The personal residence is considered an exempt resource for Medicaid purposes as long as the Medicaid applicant expresses an intent to return to that residence and the equity value of the residence does not exceed $595,000.00 (2020), or the applicant’s spouse or dependent relative lives in the residence and the equity value is below the maximum amount.  An exempt resource means that the value of the residence is not included in the amount of countable resources that an applicant or applicant and applicant’s spouse can keep and still qualify financially for Medicaid.

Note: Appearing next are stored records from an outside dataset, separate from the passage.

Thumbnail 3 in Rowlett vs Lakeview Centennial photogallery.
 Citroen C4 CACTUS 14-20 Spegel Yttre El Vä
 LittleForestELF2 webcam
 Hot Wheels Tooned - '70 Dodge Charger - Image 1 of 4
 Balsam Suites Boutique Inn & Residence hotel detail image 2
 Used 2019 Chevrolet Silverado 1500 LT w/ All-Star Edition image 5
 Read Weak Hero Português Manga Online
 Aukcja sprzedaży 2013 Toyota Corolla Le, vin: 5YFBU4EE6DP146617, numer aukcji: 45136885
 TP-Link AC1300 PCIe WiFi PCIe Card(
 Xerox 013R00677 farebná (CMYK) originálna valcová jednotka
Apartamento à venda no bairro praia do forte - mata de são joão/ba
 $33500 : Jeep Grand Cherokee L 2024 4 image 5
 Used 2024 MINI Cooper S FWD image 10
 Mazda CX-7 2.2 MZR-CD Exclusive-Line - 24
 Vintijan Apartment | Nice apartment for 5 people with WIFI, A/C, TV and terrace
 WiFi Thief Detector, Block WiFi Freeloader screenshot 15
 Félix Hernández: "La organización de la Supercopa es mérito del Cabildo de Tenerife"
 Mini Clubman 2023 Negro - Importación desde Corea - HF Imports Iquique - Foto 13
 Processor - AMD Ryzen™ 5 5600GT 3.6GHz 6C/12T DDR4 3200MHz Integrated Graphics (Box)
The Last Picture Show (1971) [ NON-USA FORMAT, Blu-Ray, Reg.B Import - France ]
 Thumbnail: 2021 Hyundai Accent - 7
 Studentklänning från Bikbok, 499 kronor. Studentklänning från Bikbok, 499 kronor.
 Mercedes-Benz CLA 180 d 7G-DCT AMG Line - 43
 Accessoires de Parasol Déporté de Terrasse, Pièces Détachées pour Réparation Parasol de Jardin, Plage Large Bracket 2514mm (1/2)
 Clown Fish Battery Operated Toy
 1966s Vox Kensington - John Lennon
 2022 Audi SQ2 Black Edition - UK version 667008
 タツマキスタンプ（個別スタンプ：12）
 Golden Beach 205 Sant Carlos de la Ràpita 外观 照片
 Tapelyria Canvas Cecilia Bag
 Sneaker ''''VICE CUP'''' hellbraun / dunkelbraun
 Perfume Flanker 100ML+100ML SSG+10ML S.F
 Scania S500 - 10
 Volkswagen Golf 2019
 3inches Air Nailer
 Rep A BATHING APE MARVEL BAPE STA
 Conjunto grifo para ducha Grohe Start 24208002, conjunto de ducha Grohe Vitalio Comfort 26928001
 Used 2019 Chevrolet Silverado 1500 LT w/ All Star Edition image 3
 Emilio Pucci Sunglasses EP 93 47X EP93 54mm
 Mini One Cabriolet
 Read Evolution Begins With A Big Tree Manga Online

However, the personal residence is at risk if the spouse receiving Medicaid passes away with the personal residence in that spouse’s individual name.  Pennsylvania has a Medical Assistance Estate Recovery Program.  This Program permits the Commonwealth of Pennsylvania to be reimbursed for services provided through Medicaid during the recipient’s lifetime.  This includes long-term care facility services and home and community based services provided for persons that are age 55 or older.   A claim can be placed against the personal residence when it is in the Medicaid recipient’s name alone at the time of the Medicaid recipient’s death, meaning the house is in the probate estate.  That claim cannot exceed the amount of Medicaid benefits paid on behalf of the recipient.  If there is any remaining equity in the residence, that equity would go the Medicaid recipient’s beneficiaries as named in the Last Will and Testament.

As an example, Bob and Sue are married.  Bob applies for and received Medicaid to pay for his stay at the nursing facility.  Bob and Sue’s jointly owned home is an exempt resource, meaning the value of the residence ($200,000.00) does not count towards the amount of money that Sue can keep as her protected spousal allowance.  Sue dies unexpectedly in a car accident.  Bob can continue on Medicaid, owning the residence.  However, when Bob dies, the Commonwealth of Pennsylvania has a claim against the residence for up to the amount Pennsylvania paid for Bob’s care.  If that amount is $100,000.00, the state is entitled to that amount.  The remaining $100,000.00 will be distributed to Bob’s heirs under his Will.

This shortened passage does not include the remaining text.